Female vice-chancellors and principals earn 5.4 per cent less on average than male peers, while the pay gap rises to 10 per cent when deputy and pro vice-chancellors, registrars and chief operating officers are considered, says the joint report by employers and trade unions in higher education, published on 16 July.
The pay gap for heads of schools or departments is also significant, ranging from 5.3 per cent for centres with 51 to 100 staff to 11.4 per cent for centres with 50 or fewer staff, says the report by the New Joint Negotiating Committee for Higher Education Staff (JNCHES) Working Group on Gender Pay, which was set up as part of the 2014-15 national pay agreement for universities.
At larger departments or schools with more than 100 staff, the pay gap for heads stands at 8.6 per cent, while the professorial pay gap for the whole sector is 5.1 per cent, it adds.
However, the group found that there are far fewer significant pay gaps among rank-and-file academics. There is no pay gap at lecturer or junior research assistant level and when other equivalent academic roles are compared, such as senior and principal lecturers, women earn between 1.6 per cent and 2.6 per cent less than men, it says.
The gender pay gap in professional services is generally well below 5 per cent, it adds.
Despite the persistent pay gap at the top of universities, the report says that the overall pay deficit has closed significantly since a national pay framework was introduced between 2004 and 2006, falling from 11.1 per cent in 2004-05 to 3.6 per cent in 2013-14.
The retirement of highly paid male employees and the higher number of female graduates over this period may also account for some of the shrinking of the pay gap, the report says.
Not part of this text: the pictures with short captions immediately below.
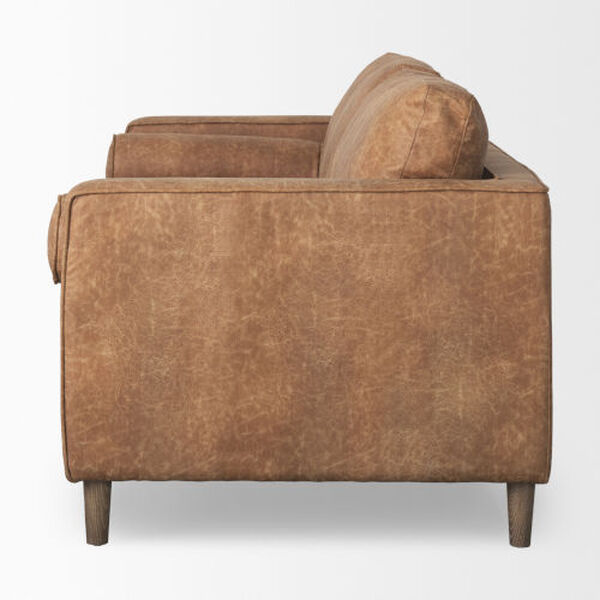 Loretta Cognac Brown Three Seater Sofa with Two Bolster Cushion, image 3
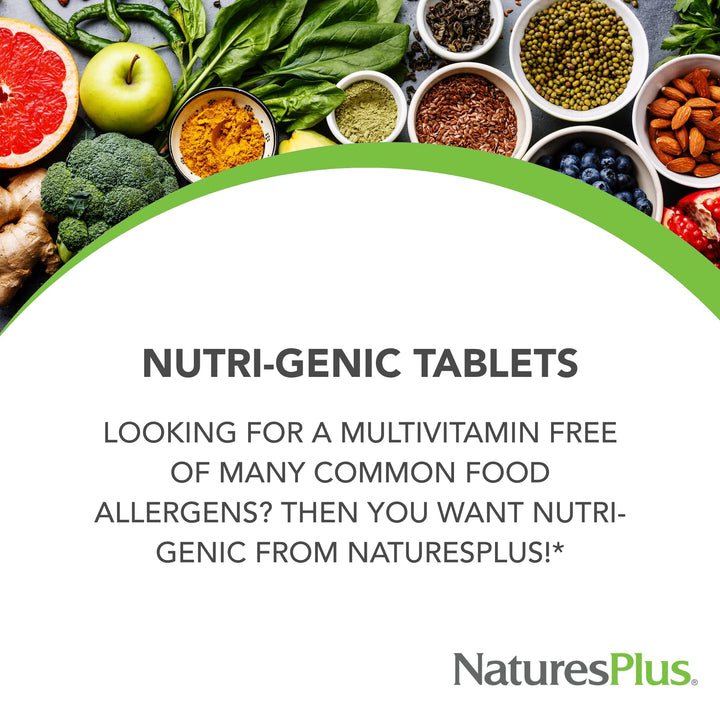 Natures Plus Nutri-Genic Multivitamin - 180 Vegetarian Tablets - Hypo-Allergenic Natural Multivitamin &amp; Mineral Supplement for Sensitive People - Allergen-Free, Gluten-Free - 90 Servings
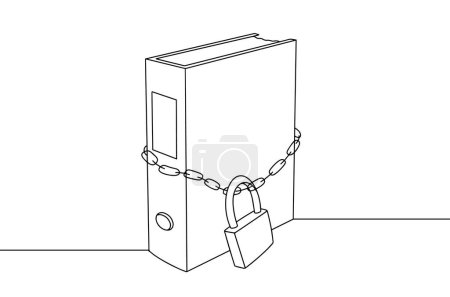 Illustration for A padlock hangs on a folder with documents. Symbol of reliable information protection. Data Protection Day. One line drawing for different uses. Vector illustration. - Royalty Free Image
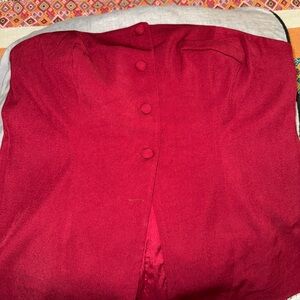 Forever21+ Elegant Red Button-Up Tube Top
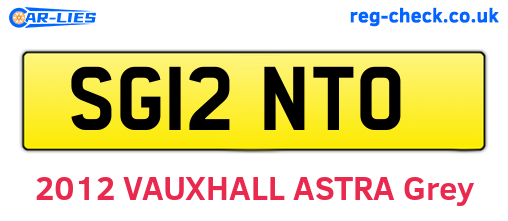 SG12NTO are the vehicle registration plates.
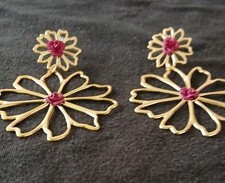 One Pair of Women's Bohemian Style Large Hollow Flower Splicing Earrings picture
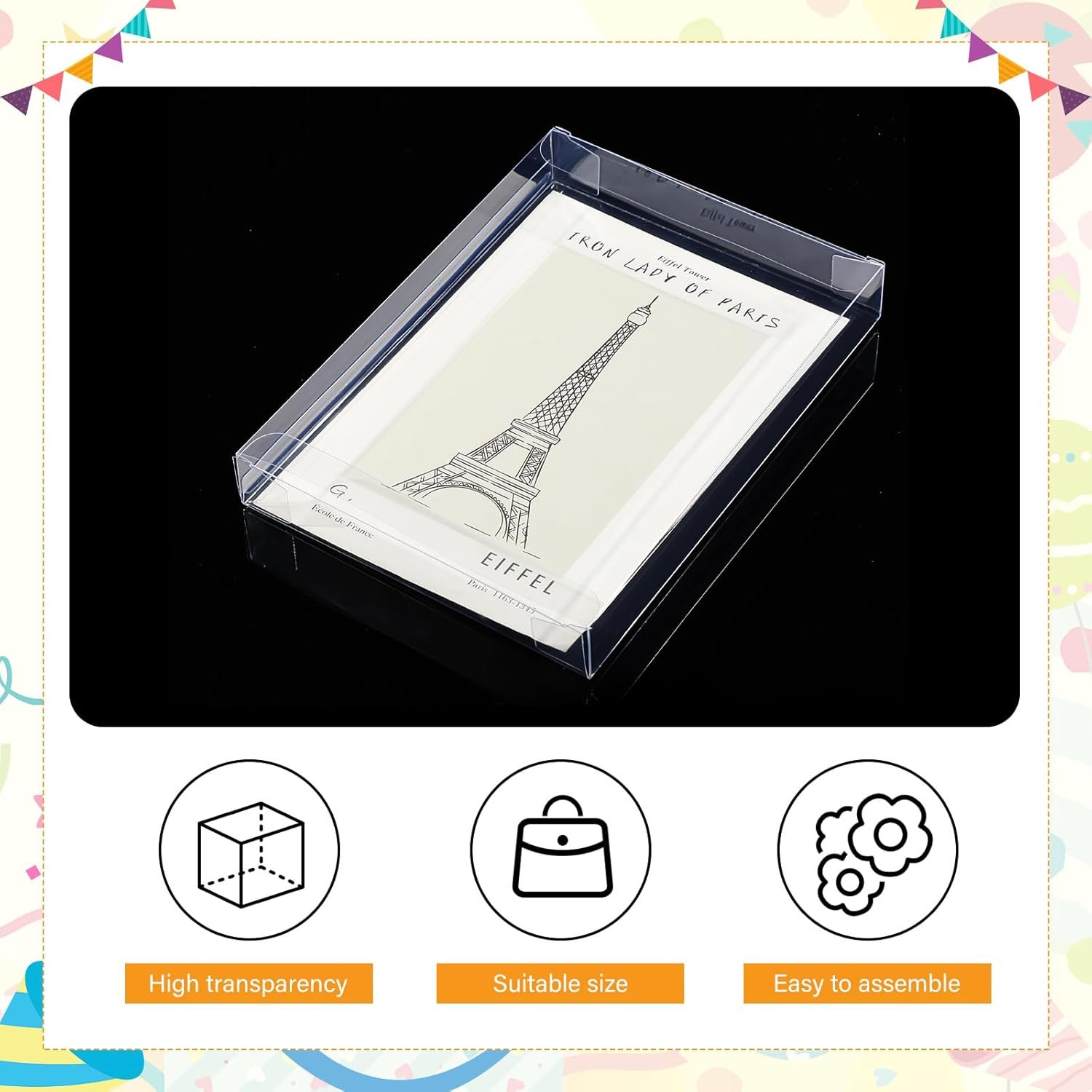 Fornitore Scatole Trasparenti Rettangolari 100 Pezzi per Biglietti Auguri e Foto 5.39 x 7.36 x 1 Pollici con Logo Personalizzato Marchio Bianco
The report also details how five unnamed universities have tackled the pay gap by supporting the careers of female academics. One large pre-92 university had created a £300,000 annual fund to provide extra help for academic staff returning from extended maternity or caring leave, for instance.
Nick Petford, vice-chancellor of the University of Northampton, chair of the working group, which included representatives from five trade unions, the Universities and Colleges Employers’ Association and the Equality Challenge Unit, said that there were some “striking initiatives” to close the gender pay gap and urged institutions to evaluate their effectiveness over time.